Limitarsi ad aspettare nella speranza, del tutto incerta, che il tempo risolva da solo le cose probabilmente servirà a poco e l'illusione di fare dei 5S una ruota di scorta dovrebbe essere stata dissipata dai sondaggi che non autorizzano affatto una simile chimera. Dunque il prossimo segretario del Pd dovrà decidere se cercare sul serio un'alleanza politica con Conte, anche a costo di rischiare uno scontro interno duro, oppure se battere una strada opposta. Ma dovrà farlo nella pratica d'opposizione quotidiana, non nella leggerezza di dichiarazioni d'intenti prive di ogni incisività.

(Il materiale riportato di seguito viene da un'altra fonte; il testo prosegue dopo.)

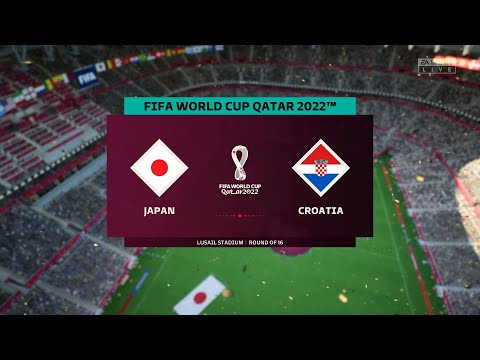 Japan vs Croatia | Round of 16 | FIFA World Cup Qatar 2022™ | FIFA 23 On PC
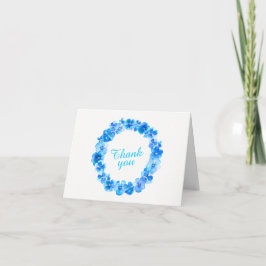 Agradecimento Obrigado, cartão de coroa azul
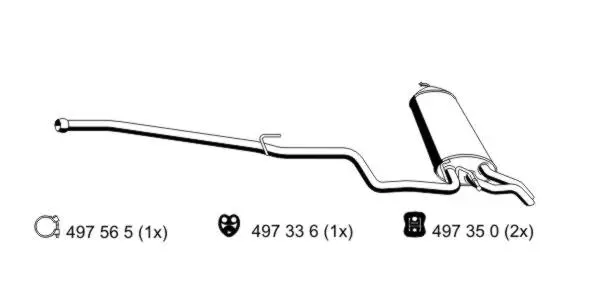 Rear Muffler (351041)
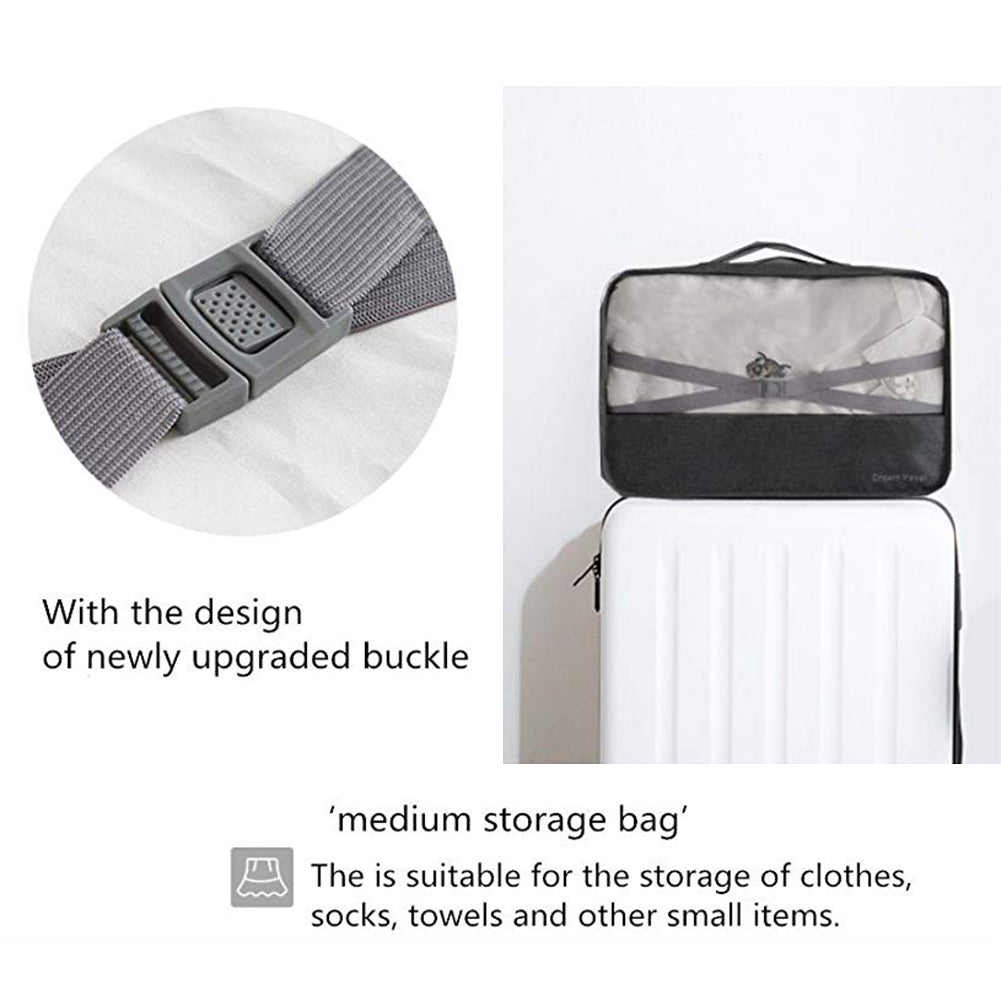 7pcs Packing Cubes for Luggage/Storage- Organiser for Travel and Suitcase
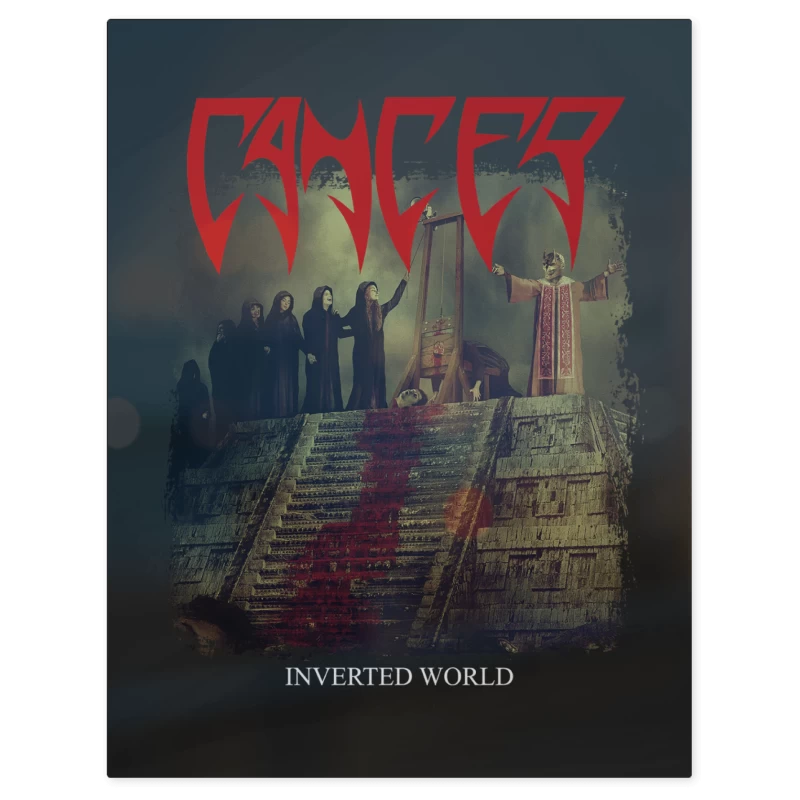 Cancer Inverted World – Print Metálico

Nessuno può dire oggi quali saranno i banchi di prova di una possibile alleanza forgiata nella pratica politica d'opposizione. Alcune voci non secondarie sono però prevedibili. La prima è l'autonomia differenziata e su quel fronte non dovrebbero esserci problemi nel trovare una linea unitaria, almeno nella bocciatura della formula Calderoli. La seconda è più problematica: sul presidenzialismo il Pd dovrà scegliere tra una posizione negativa intransigente, come quella che assumerà Conte, e una posizione possibilista e dialogante. Nel primo caso rischia di ritrovarsi tagliato fuori dal gioco della prossima Repubblica, messo all'angolo dai centristi che invece certamente cercheranno un'intesa con la maggioranza. Il prezzo della seconda opzione sarebbe però una rottura forse senza più appello con il Movimento, al quale verrebbe così consegnata la bandiera della difesa della Costituzione. Sarà un dilemma in piena regola ma la scelta peggiore sarebbe schierarsi sulla posizione rigida senza però riuscire in cambio a comporre un fronte di sinistra con i 5S. Stando a quanto si è visto sinora non è affatto escluso che il Pd imbocchi proprio questa strada, continuando a farsi molto male da solo.